Life is hard and the Gods are cruel; we toil for their amusement and even our best, most heroic efforts are but castles in the sand before the rushing tide. The Crown of Command dangles as a carrot on the end of a very beaty stick, existing only to see who will neck-stab whom for the illusion of control. We go now, doughty adventurers, hopping across this stage as toads to make the Gods—and perhaps ourselves—laugh. In the end, some lucky bastard will "win"—though he or she will most likely be consumed in capricious flames whence the curtain falls on this pointless shadow play.
This is NOT a nostalgia rating—I never got a chance to play this as a kid, teen, or college student. Though I probably would have spent an awful lot of time doing so if I'd had the chance...
This is a GREAT nerd party/time-waster/beer, pretzels & potty-mouth game. It has clumsy, outdated mechanics, "unfair" amounts of luck, and the ancient, tired and beaten-to-death Lord of the Rings/D&D rip-off theme.
And I love it.
This is, in many ways, the Ultimate "Gone-Stupid" Game. You can pull your brain out of gear and just coast along; it's one for those times when you would like to play a game, but life has hammered you down to the point where you just want to go "guh."
So roll a die, pull a card, read the result aaand...

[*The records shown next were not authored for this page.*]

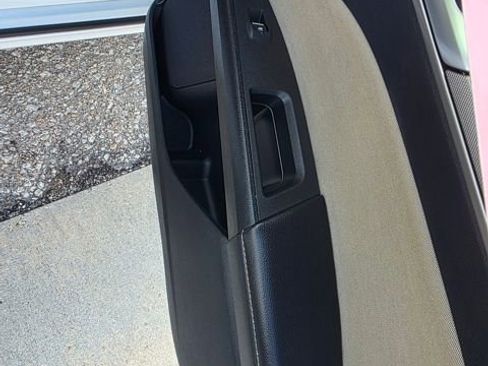 Used 2019 Ford Fusion S image 12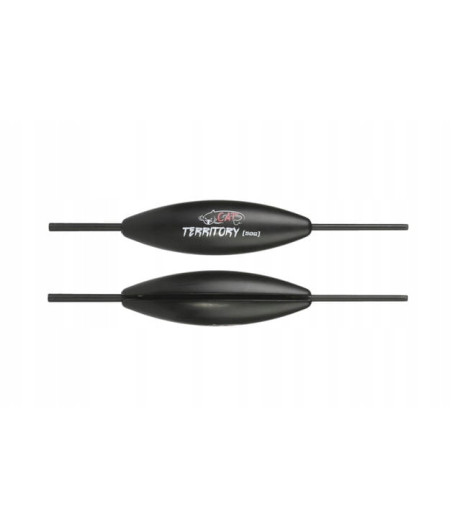 Spławik podwodny Easy Change Mikado 60g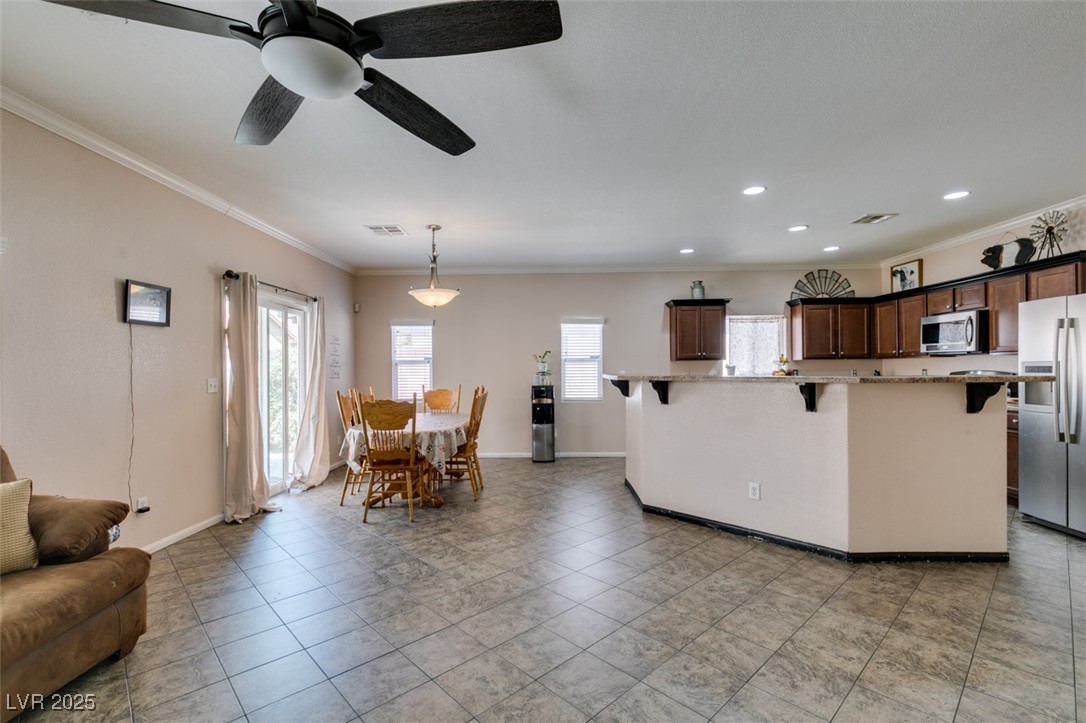 2363 Rock Slide Circle Property Photo 31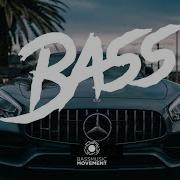 Bass Boosted Movement Music In Car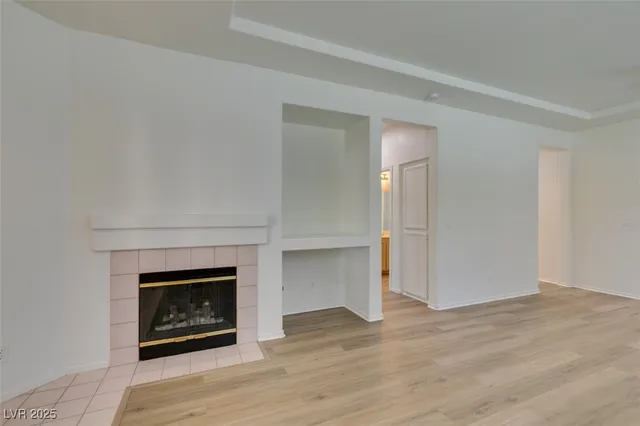 $2,285 | 10341 Pompei Place, Las Vegas, NV 89144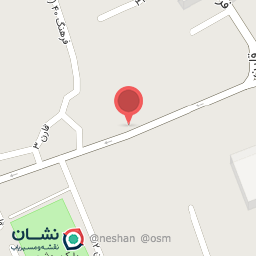 عکس لوازم آرایشی و بهداشتی نقره noghre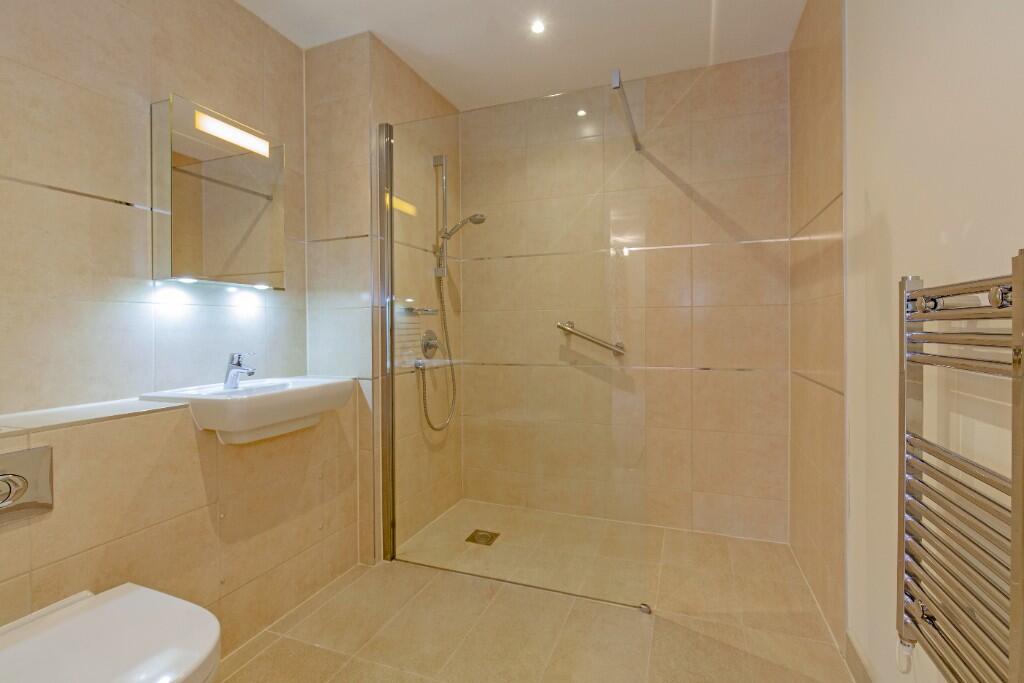 Additional image 8 of 1 Robinsons Court Audley St. Elphins Park, Matlock, Derbyshire, DE4 2RR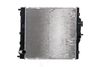 Mahle CR 194 000S Radiator, engine cooling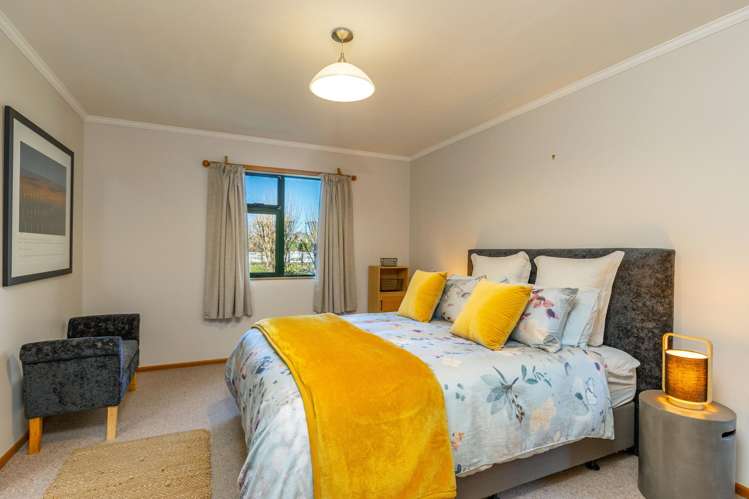 31A David Street Yelverton_29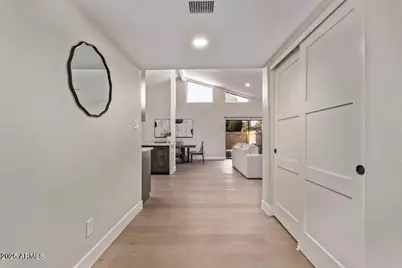 7962 E San Miguel Avenue, Scottsdale, AZ 85250 - Photo 6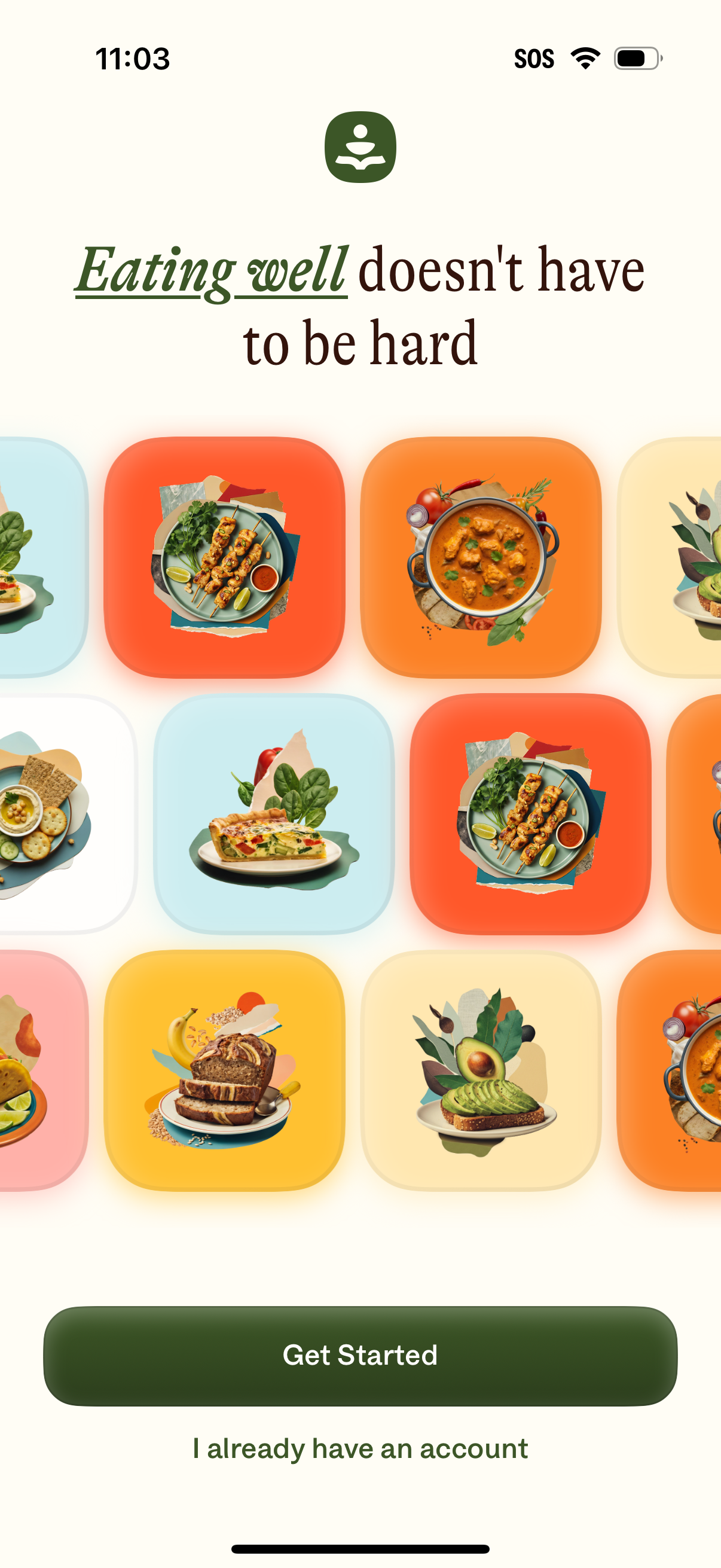 alma app screenshot 163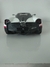 Imagem do Carro Miniatura Pagani Huayra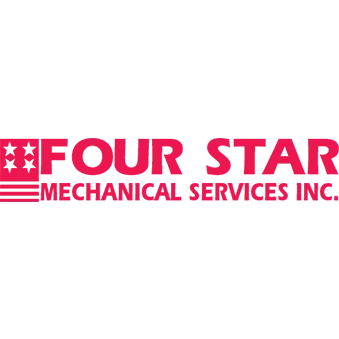 Four Star Mechanical Services, Inc.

UPDATE: Many people decry the random, binary movement system (roll a die and choose either right or left) but this simplicity is part of what makes Talisman great—it's the only game of its ilk in which downtime is not an issue. While Runebound begins to drag at 3p (and becomes intolerable with any more), Talisman can support the full compliment of players and the turns literally whiz around the table. Roll, pick, do the thing, pass the dice. It's almost a party game, it's so fast.
The only minor downer is that what makes this game fantastic is also the one thing that can kill it. The utterly random element, so brilliant as a jumping-off point for spit-takes—like when the Leprechaun gets the Princess as a follower and ends up being lugged around in a front-facing baby carrier with a boob on each shoulder—can make the game excruciatingly slow when the cards don't come out in a useful manner. After a couple of games of watching others level up ferociously while I got in multiple fights with a Royal Decree, three Horse Stables, several Bags of Gold, and a New Age strip-mall (the Mage, Healer and some dude hawking tie-dyed bedsheets decided to clog up the Hidden Valley), I've come to realize that more than anything else this game requires stamina.
With all the Adventure Cards from all the expansions, I'm thinking I might need to go through and trim the deck down to tighten up the game... though I'm conflicted, as Talisman really is about embracing pure chaos and not every story should follow standard Fantasy tropes. Sometimes it's okay if the Ogre Chieftain's saga is one of administration, finances and horse-trading.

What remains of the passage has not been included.